Preferia não ter escrito este artigo. Aliás, poucas vezes escrevi aqui sobre pessoas que viajaram para o andar de cima. Quando recebi a ligação com a pesarosa notícia sobre o falecimento de Luiz Felipe Lampreia, lembrei que estava devendo a ele uma conversa sobre os acontecimentos recentes na política internacional e na diplomacia. De tempos em tempos, conversávamos bastante.
Eu sabia de sua passagem pela clínica, mas confiava que tudo estaria sob controle. Infelizmente, não aconteceu assim. Entre idas e vindas do hospital, ele nos deixou.
Após o embaixador haver deixado o Ministério das Relações Exteriores, no qual foi um dos mais brilhantes ministros desde Rio Branco, desenvolvemos uma amizade fraternal, em que o interesse pela política e pelos rumos do Brasil nos unia. Ele recebia nossas análises e, aqui e ali, pontuava seus comentários. Com o talento de sempre.
Estivemos juntos em alguns conselhos. Compartilhamos mesas de debate nas quais ele expunha suas observações pertinentes e agudas. Era mais do que um diplomata. Era um pensador das relações internacionais e da política. Sua visão alcançava um mundo ao qual se integrava um Brasil com protagonismo, parceiro de uma democracia plena, intransigente defensor da paz.
Integrou a competente equipe do chanceler Azeredo da Silveira (governo Geisel), que planejou o reatamento com a China e reconheceu as jovens democracias africanas antes que qualquer nação desenvolvida. Por isso, esse time merecia frequente destaque nos depoimentos de diplomatas de vários países e reportagens da mídia norte-americana.
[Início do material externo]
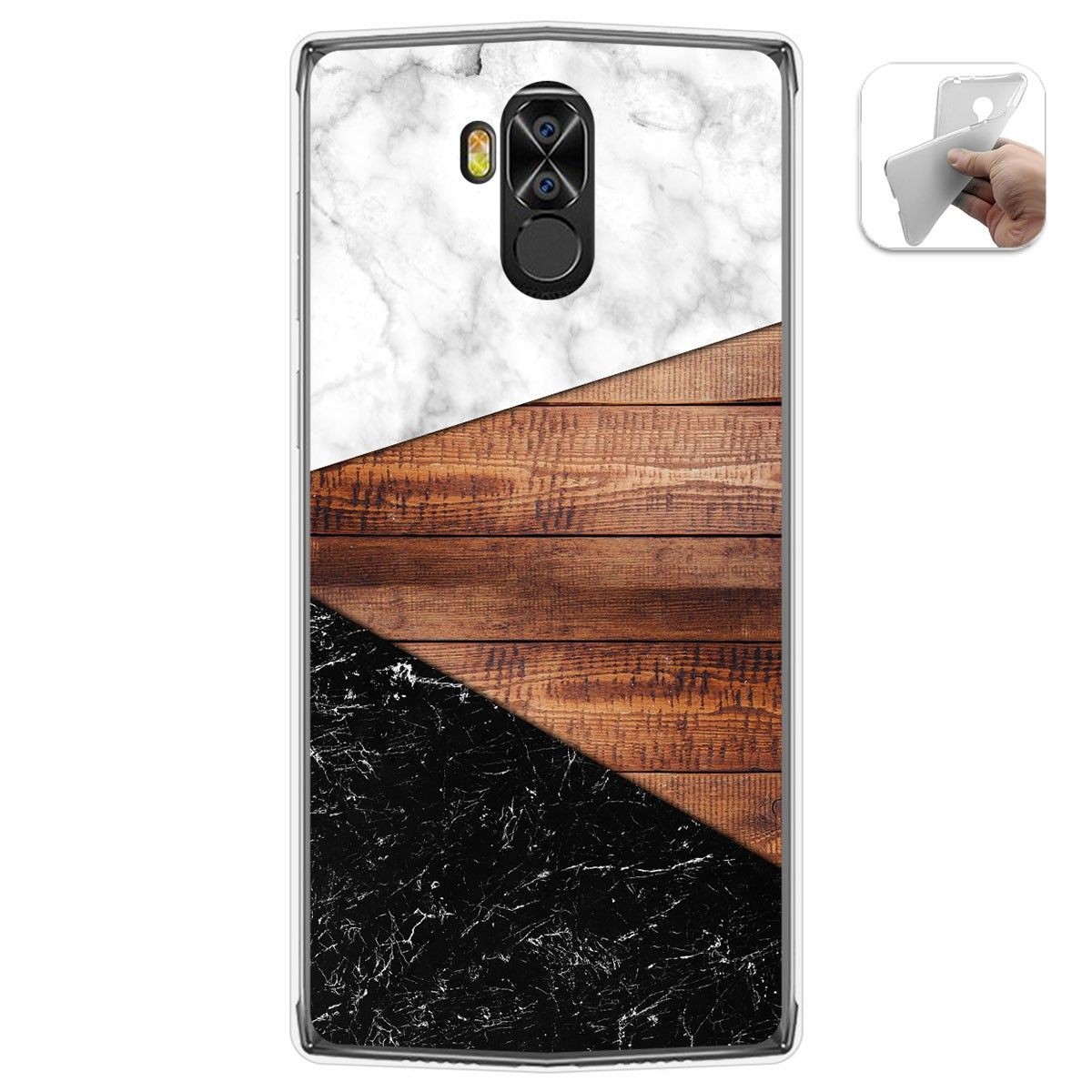 Funda Gel Tpu para Doogee N100 diseño Mármol 11 Dibujos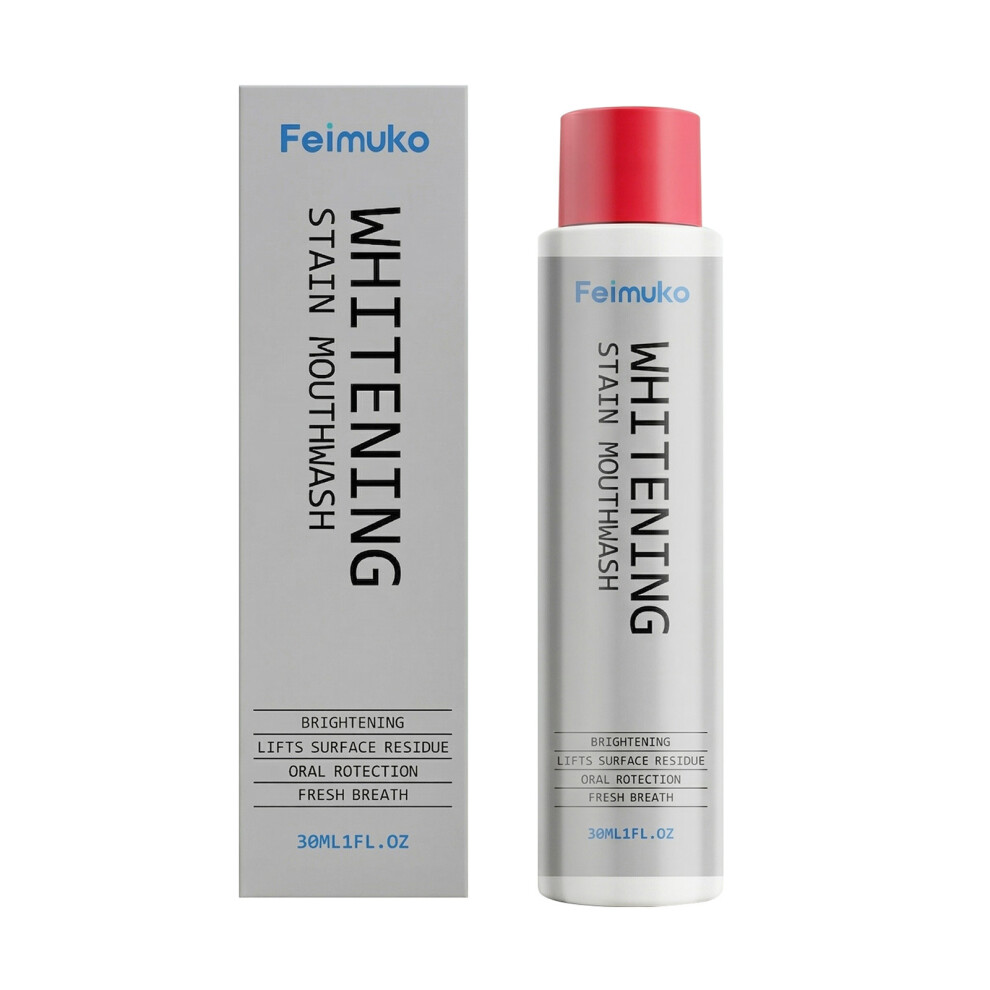 (30ml) Teeth Cleaning Mouthwash Gentle Cleansing Surface Teeth Stains Fresh Breath Daily Oral Care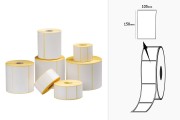 Термотрансферни етикети (MAT), хартия, самозалепваща се ролка 105x150 mm - 1000 бр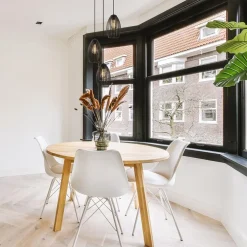 Ronde 3-lichts hanglamp met draadkappen mat zwart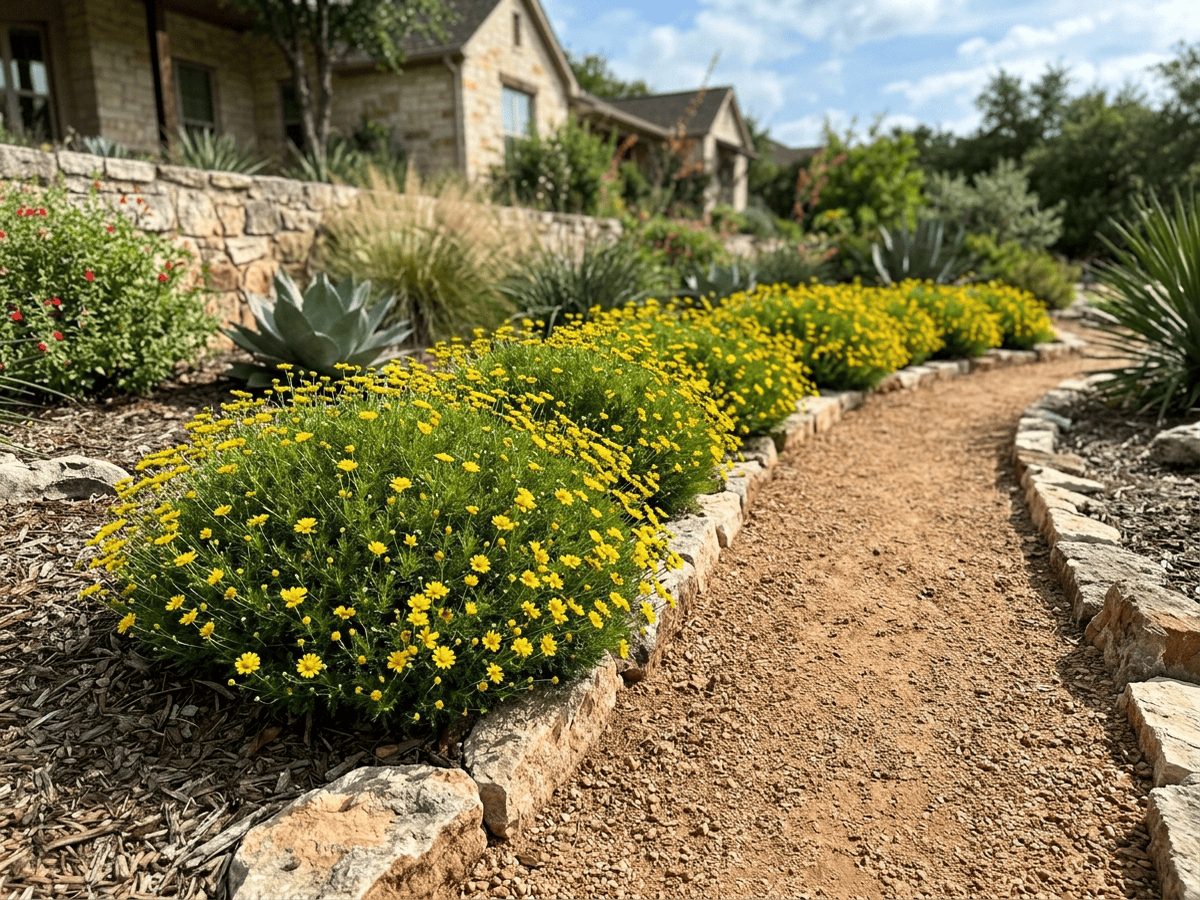 정원에 심긴 다미아니타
Era o porta-voz do Itamaraty, com papel estratégico na divulgação da política externa, um privilégio para a elite de jornalistas que fazia a cobertura do assunto sempre com grandes espaços. Na época, o MRE tinha papel destacado como formulador da estratégia do relacionamento do país com o exterior, como também era ouvido sobre assuntos de natureza econômica. O chanceler Silveira era um colaborador que desfrutava a confiança e a intimidade do general Ernesto Geisel, um dos poucos civis nessa condição. O Itamaraty estava sempre presente nos debates sobre o futuro do Brasil e o caminho a seguir para conquistá-lo.
No episódio do reatamento, Lampreia teve uma relação aberta com a imprensa. Além do mapa-múndi, amava a estrela solitária do meu Botafogo. Comungávamos também o fanatismo pelo futebol. Além de profissional competente, era um refinado cozinheiro, para deleite dos amigos, a quem premiava com suas criações.
No momento em que ele se vai, meses após a perda de outra grande expressão da nossa diplomacia, Sebastião do Rego Barros, salta à vista em sua extraordinária carreira o carinho com que tratava as pessoas. Não existia em Lampreia resquício de soberba. Nem sua trajetória internacional, de retumbante sucesso, nem o amplo acesso aos poderes diplomáticos e econômicos internacionais o tornaram arrogante.
Nas últimas décadas, apesar de sua poderosa imagem, sempre foi discreto ao abordar os rumos da nossa diplomacia. Silenciosamente, lamentava os equívocos ocorridos em penca. Até nas críticas era elegante. Há poucos como ele.
Sua gentileza e inteligência devem ficar como exemplo em um país onde a política carece das necessárias e básicas noções de honestidade, honra, moral, educação, bons costumes, preparo, elegância e competência. Qualidades que Lampreia tinha de sobra.